О первых выступлениях группы ФОБОС в конце 60-х рассказывает ее участник Сергей Попов, лидер групп ЖАР-ПТИЦА и АЛИБИ. Мы публикуем выдержки из его книги мемуаров «Бит».
* * *
После первого выступления группы ФОБОС, прошедшего успешно, наша решимость играть только возросла. Стоит заметить, что я был самым «взрослым» в группе – мне уже исполнилось 16. Саше Неганову, Иштвану Лангу и Вале Смирнову было всего по 15, а Йошке – вообще 14. Но уже к лету 67-го, всего через 4,5 месяца после начала репетиций, мы могли отыграть минимум час заводных рок-н-роллов, инструментальных шейков и тягучих медляков. Мы очень много репетировали, и даже женские капризы наших пассий не могли повлиять на расписание занятий. Особым упорством и настырностью отличались я и Иштван. Иштван выступал в качестве учителя, я – ученика. По многу часов мы проводили вместе, разучивая песни, придумывая партии, раскладывая голоса. Иштван был терпеливым и требовательным учителем и очень тонким, интеллектуально открытым музыкантом. Остальные тянулись за нами в меру своих сил, а в таком возрасте сил всегда с избытком.
Хочу привести один пример из той своей жизни, который, на мой взгляд, очень точно характеризует наше отношение к делу и к той музыке, которую мы играли.
В начале июня 67 года, как только закончились занятия, я договорился с руководством 10-й школы, в которой учился, о том, что наша группа выступит на вечере девятиклассников; к числу которых принадлежал и я.
В назначенный день мы загрузили все наше оборудование – ударную установку, колонки, усилители, гитары и т.д. – в рейсовый(!) автобус на заднюю площадку, и покатили со всем этим добром от площади Мира до остановки «Спортивный магазин» на Центральной. Там нас ждала выпрошенная в ДОСААФ аэродромная тележка на больших дутых шинах. Высадившись под негодующие вопли пассажиров из автобуса, мы закинули наши электронные самоделки на вместительную площадку тележки, впряглись, и таким вот человеческим цугом по улице Ленина покатили к 10-й школе, а это километра полтора. Но разгружаться не пришлось: выступление группы по распоряжению директора отменили как идеологически сомнительное и наверняка слишком громкое. Наше разочарование не знало границ: столько усилий, столько нервов!
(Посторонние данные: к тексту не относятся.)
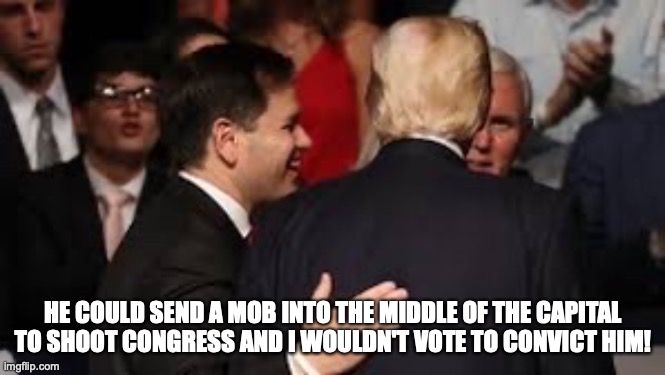 Marco Rubio declares that  Trump's impeachment trial is unconstitutional. | HE COULD SEND A MOB INTO THE MIDDLE OF THE CAPITAL TO SHOOT CONGRESS AND I WOULDN'T VOTE TO CONVICT HIM! | image tagged in marco rubio,donald trump,trump sycophant,spineless,ass kisser,trumps impeachment | made w/ Imgflip meme maker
Один только проезд по улице «конями» был достаточно унизителен (но кто бы нам дал тогда грузовик?!).
И тут мне в голову пришла спасительная идея. Мы опять впряглись в телегу и потащили ее в обратную сторону – но не на автобусную остановку, а на деревянную танцплощадку, располагавшуюся тогда за ДК «Октябрь».
На наше счастье, электрическая розетка на танцплощадке функционировала, мы быстренько расставили наши колонки и барабаны, настроили гитары, поцокали в микрофоны. Кое-какие потенциальные зрители уже сидели на лавочках, стоящих вдоль внутреннего круга танцплощадки, и с любопытством взирали на наши лихорадочные манипуляции.
Как только мощная звуковая волна первого электрического ми-мажора из «I Soy Her Stending Where» BEATLES накрыла зрителей, пропала дрожь в коленках и страх перед местными указующими и репрессивными органами. Мы мгновенно превратились в единый харизматический организм, источающий радость, энергию, свободу – все то, что было, есть и будет нервом, инстинктом настоящего рок-н-ролла. По мере того, как таял список нашего репертуара, росло число зрителей. Кто-то просто слушал, кто-то уже отплясывал, мы же распалялись все больше и больше: Саша Неганов крушил со всей силы свою ударную установку, я рвал тугие струны бас-гитары, а Иштван рычал в микрофон бесконечное «I Cап’t Get No Satisfaction». Зрители были в восторге, и когда, «огласив весь список», мы попытались вытащить шнуры из гитар, толпа заревела: «Еще, еще!!!» — и мы пошли на второй круг.
Конец выступления я помню плохо: кто-то пытался пощупать мою гитару, кто-то о чем-то спрашивал, кто-то просил показать аккорды. Бурлящая энтузиазмом толпа дотащила наши инструменты до остановки и закинула их вместе с нами в автобус.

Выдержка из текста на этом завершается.